高知市郊外の新興住宅地、南下がりの雛壇状に造成された宅地に建つ、複数の注文住宅の計画が出発点である。諸般の理由で実現したのはこの住宅だけであるが、同時期に隣接して建つ建築群の利点を生かし、建築ヴォリュームとヴォイドによる粗密感の総体で、ふたつの住環境を実現したいと考えていた。ひとつはヴォイドが生み出す光と風、緑などの自然環境、もうひとつは複数の敷地全体が、生産の場も含めて、多様な活動で満たされた生活環境である。結果として、それぞれの敷地条件に応じて、ヴオイドを囲み込むような、L, T, Z型の平面形をした建築ヴォリュームの集合体を導き出した。この骨格に複数の建主の要望という変数が加わり、不均質でありながらも全体の空気がひとつに感じられる「群の風景」が形成されていくことを期待していた。この建築は、上記のような経緯を経て、まずはじめにL型の建築ヴォリュームとヴォイドの取り方を確定している。このL型のヴォリュームは、4つのキューブと浴室のような滞留時間の短い空間を積層したコブのような空間で構成される。ひとつのキューブは。大キャンティレバー構造となる。片持ち部分のラチス材は、小径の高張力棒鋼による鉄骨トラス造で軽量化を図り、支持部分は壁式鉄筋コンクリート造として剛性を高め、振動障害に配慮している。
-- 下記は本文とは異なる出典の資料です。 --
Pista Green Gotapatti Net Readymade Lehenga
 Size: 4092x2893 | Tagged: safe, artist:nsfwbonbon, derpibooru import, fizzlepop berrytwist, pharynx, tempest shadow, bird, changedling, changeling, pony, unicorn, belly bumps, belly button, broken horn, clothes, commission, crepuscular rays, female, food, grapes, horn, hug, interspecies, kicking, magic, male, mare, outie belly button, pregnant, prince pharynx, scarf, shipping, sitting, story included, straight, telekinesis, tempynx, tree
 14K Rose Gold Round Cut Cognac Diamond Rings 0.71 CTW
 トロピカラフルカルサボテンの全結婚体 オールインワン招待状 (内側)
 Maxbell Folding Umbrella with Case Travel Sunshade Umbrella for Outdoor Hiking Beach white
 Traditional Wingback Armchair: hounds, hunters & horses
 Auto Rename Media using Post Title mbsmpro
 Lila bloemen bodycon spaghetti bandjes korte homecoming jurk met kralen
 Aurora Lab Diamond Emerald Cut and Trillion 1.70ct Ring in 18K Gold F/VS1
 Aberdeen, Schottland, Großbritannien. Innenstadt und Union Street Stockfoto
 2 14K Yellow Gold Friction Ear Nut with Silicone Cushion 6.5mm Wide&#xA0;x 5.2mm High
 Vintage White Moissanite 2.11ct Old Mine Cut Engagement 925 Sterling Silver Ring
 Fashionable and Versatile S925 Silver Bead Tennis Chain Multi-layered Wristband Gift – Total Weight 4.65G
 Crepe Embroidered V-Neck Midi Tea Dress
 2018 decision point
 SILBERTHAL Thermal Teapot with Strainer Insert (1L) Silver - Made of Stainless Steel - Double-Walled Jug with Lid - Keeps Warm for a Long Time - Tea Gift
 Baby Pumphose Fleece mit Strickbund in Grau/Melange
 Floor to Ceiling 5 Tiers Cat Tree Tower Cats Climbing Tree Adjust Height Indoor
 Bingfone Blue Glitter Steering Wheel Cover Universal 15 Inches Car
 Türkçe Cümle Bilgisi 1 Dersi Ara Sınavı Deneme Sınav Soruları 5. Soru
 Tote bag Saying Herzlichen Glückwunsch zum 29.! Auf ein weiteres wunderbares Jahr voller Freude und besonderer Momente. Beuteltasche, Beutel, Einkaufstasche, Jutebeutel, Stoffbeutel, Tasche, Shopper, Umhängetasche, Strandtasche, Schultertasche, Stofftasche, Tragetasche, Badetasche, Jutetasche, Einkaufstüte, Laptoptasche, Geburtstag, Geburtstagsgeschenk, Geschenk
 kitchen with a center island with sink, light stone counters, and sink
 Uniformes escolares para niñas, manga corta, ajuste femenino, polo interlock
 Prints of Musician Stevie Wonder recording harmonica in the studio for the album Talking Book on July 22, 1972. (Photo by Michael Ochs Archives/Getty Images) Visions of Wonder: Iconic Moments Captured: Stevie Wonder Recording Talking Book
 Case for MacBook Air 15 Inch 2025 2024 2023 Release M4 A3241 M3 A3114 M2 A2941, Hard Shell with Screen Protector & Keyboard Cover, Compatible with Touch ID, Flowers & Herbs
また、設計段階では、建主の家族構成が流動的であったこと、住宅兼オフィス、または全体がオフィスになる可能性もあった。そこで、4つのキューブを独立性が高く、性格の異なる空間とすることで、それらの問題に対応できるような骨格を与えようと考えた。全体の軸となるキューブは玄関、階段、廊下などで構成される。本棚に囲まれた地形のような折り返し階段は、動線空間でありながら、滞留したくなるような異なる行為の共存が期待される。空地に面した1階のキューブは、敷地全体が活動領域となるように、透過性が高く開放的な空間にしている。ポリカ小波板張りの内照式光天井、隣接したコブの浴室鏡面に映る風景は、リニアな空間に奥行をもたら。2階には軸となるキューブで連結されたふたつのキューブがあり、ひとつは架構が剥き出しになった多目的なワンルーム、もうひとつは3つの個室に分割することができるワンルームである。隣接したコブの小さな空間を含めて、大きさの異なる空間の組合せをそのつど選択し、家族構成や用途の変化に適応させることができる。
私的な領域の多様な活動が街に映し出され、閉塞感がなく透過性の高い住環境を形成するような住宅群による「群の風景」の可能性を、この建築は提案している。